I’ve got icicle lights trimming the front of my house, and one area has 4 strings plugged into an extension cord. I’ve never had a problem with those lights, but is there a fire risk with this? Or will the fuse blow out before any overheating will occur?
And in a related vein, if you’re supposed to limit chains to 3 or less, how do people manage to trim the entire house with lights? Do they run lots of extensions to the outlying strings? Is there some sort of lightweight holiday-lighting extension cord available?
I’ve got the GFCI, but wondering about a string of lights plugged into an extension cord–out at the tree. Last year, when it rained and before I had handy-dandy timers, I would wipe off whatever rainwater coated the metal prongs, say a quick prayer, and then connect the circuit. Always wondered why nothing ominous happened, but didn’t argue with the big man upstairs. I take it my technique might have qualified me for that year’s Darwin Award.
BTW, I’ve been shocked by a large residential transformer–in Europe. On a ceramic tile floor. Wet. Barefoot. And we’re talking DC current. (I was a kid.)
Three is the prescribed limit, but I’m sure people get away with more all the time. I think the emphasis I should have added is: more than three plugged end to end, into eachother. I’m not sure if the fuses will blow, but they should at some point. Heavy duty sets will take 5 or 6 end to end as per the mfgr instructions.

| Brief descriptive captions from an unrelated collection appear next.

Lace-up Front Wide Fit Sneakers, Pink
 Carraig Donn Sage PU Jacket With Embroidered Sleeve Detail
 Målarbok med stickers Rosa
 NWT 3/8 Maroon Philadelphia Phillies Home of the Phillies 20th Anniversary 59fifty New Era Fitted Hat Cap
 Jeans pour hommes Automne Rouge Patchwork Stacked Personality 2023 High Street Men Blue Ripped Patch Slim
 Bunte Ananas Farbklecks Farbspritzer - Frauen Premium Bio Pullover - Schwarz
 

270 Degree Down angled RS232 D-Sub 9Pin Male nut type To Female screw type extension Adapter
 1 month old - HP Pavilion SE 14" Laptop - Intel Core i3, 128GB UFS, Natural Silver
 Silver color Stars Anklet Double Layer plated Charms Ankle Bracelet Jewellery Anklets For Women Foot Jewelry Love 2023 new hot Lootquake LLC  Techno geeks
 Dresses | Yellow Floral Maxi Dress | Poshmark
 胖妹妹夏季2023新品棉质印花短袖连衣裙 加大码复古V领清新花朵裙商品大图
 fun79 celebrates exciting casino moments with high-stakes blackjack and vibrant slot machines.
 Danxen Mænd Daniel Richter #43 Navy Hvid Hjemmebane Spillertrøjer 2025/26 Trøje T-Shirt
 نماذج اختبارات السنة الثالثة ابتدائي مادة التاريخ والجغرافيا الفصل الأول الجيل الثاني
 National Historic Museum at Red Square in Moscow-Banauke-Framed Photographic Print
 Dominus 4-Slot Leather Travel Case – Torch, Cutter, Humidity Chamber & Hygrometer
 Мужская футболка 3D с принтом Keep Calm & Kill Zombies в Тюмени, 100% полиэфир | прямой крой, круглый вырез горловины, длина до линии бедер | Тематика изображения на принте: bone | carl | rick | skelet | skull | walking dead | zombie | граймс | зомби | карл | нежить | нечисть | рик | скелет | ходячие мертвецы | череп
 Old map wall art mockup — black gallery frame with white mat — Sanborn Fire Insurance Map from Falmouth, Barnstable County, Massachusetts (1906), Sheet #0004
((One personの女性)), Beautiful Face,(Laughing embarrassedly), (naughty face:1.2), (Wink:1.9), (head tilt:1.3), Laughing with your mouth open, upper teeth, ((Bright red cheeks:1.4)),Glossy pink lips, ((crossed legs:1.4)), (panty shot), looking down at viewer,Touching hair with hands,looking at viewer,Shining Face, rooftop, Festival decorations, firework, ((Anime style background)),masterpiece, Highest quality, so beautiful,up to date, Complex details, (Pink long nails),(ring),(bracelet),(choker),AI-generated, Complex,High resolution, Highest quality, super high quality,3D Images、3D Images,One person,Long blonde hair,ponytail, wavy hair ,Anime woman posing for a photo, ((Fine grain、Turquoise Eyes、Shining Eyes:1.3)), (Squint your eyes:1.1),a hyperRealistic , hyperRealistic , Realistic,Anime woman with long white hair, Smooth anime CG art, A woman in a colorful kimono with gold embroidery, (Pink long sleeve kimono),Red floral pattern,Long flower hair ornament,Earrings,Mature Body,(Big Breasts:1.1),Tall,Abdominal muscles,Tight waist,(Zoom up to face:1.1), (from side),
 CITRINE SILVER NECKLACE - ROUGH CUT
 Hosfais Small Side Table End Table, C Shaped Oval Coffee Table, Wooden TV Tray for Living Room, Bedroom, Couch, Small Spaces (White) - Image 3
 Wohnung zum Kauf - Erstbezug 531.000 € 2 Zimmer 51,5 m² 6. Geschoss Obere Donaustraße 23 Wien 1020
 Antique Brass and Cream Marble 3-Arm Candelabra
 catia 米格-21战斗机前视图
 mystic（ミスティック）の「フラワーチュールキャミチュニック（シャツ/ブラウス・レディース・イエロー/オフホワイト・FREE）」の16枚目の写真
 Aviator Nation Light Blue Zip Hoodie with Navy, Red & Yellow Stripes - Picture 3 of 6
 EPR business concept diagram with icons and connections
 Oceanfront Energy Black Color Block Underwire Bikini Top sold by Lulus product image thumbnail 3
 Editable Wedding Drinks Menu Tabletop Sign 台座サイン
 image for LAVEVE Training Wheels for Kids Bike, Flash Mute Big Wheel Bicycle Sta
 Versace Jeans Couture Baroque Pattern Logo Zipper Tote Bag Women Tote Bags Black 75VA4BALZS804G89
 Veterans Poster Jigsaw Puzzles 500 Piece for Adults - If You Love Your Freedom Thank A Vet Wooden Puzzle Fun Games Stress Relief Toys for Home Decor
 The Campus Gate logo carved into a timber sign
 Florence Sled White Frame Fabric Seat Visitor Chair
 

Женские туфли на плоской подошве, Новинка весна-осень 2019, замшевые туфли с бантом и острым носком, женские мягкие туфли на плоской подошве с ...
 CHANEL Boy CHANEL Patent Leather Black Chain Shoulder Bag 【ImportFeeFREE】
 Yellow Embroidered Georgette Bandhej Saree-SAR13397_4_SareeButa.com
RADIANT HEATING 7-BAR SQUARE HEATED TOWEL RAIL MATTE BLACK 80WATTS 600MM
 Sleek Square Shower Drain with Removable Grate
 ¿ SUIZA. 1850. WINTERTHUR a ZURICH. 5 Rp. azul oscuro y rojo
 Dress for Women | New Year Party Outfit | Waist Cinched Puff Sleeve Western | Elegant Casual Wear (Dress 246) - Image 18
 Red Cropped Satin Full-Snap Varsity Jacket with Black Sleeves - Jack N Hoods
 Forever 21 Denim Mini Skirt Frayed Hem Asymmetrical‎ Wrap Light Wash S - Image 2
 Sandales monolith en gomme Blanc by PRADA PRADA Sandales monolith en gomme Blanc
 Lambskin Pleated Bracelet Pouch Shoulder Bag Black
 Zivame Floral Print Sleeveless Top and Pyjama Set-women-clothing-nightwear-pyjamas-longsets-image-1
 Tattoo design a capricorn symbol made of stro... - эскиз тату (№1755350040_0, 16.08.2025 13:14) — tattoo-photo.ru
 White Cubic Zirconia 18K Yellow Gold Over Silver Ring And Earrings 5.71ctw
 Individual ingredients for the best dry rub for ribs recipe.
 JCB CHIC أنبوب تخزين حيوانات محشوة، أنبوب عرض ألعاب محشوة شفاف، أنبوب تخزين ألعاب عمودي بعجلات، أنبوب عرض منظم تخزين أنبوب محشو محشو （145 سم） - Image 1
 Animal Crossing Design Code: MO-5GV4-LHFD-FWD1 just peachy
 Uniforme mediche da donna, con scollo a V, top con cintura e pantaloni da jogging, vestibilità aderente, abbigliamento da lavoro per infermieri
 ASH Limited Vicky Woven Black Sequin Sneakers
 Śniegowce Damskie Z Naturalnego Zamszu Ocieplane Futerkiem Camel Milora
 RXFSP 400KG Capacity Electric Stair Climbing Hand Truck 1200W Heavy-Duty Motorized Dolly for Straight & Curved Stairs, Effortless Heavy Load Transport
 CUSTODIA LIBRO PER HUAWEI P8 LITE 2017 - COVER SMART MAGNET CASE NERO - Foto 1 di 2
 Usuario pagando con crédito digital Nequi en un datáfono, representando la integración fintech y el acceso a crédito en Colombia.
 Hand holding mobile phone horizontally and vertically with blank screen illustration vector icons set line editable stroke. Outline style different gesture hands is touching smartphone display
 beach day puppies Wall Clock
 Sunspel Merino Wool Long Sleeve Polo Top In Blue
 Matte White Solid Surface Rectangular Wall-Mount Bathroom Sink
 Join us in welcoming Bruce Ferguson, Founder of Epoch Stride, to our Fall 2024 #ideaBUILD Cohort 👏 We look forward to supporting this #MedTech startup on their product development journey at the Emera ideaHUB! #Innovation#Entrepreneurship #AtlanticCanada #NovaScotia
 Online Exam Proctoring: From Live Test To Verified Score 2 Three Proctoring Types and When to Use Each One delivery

I have icicle lights…about 300’ total. One year, I hooked up about six sets end to end, and plugged it into an extension cord. Didn’t have a problem, but this was not the recommended approach. This year, I stuck to the rules and ran more extension cords to the middle of long runs. This was the biggest PIA.
No, you can feel the current running through your hand without the actual electrons having gone through the spinal cord. Same as if you burn yourself. You don’t have to burn your spinal cord to feel the pain.
Rjung, so long as you follow the directions that come with the lights you should be OK. If you’ve lost the instructions and you can’t determine the wire gauge size of the strings then don’t put anymore than 3 together. You can continuously load up average home circuit to 80% of the breaker rating. However, your extension cord(s) must also be able to handle the load. A 14 guage cord is good for 15 amps. On a 15 amp breaker you should only have 12 amps. A 20 amp circuit can be loaded to 16 amps continuously. But a 20 amp cord is costly and rare these days.
What some people do is use a couple of GFCIs that are on two different 15 amp circuits, giving you about 24 amps of continous power if you really need that much. Most people only have one outside circuit though, so the average homeowner is left with a 12 amp power source for the outdoor lighting. This is enough to run about 1440 watts or about 288 christmas lights on the circuit (at 5 watts per light).
A 20 amp circuit will give you about 1920 watts or enough juice to run about 384 5 watt lights. This does not mean that you can run 384 lights in a straight line.
You would still need to branch these off in groups of three (or whatever the factory recommends) and make sure that each tap is rated for the current running through it.
When considering breaker ratings, keep in mind that most home circuits are NOT dedicated to the outlet that you are using. Lots of homes have the outside outlet tapped off of the bathroom or the garage GFCI so you need to consider the load that may be on the other outlets at any given time also.
Your standard plastic sandwich bags are helpful here. Cut a hole in the bottom for one cord, and run the other thru the top opening. Then seal both openings as water-tight as you can with tape or wire twisties or whatever. That shoud provide sufficient water proofing, unless they are completly immersed in melted snow or something.
If you use a larger bag, you can even plug & unplug the extension cords while they are still sealed inside the bag.
(But timers, a switched outlet, or unplugging at the outlet would be better.)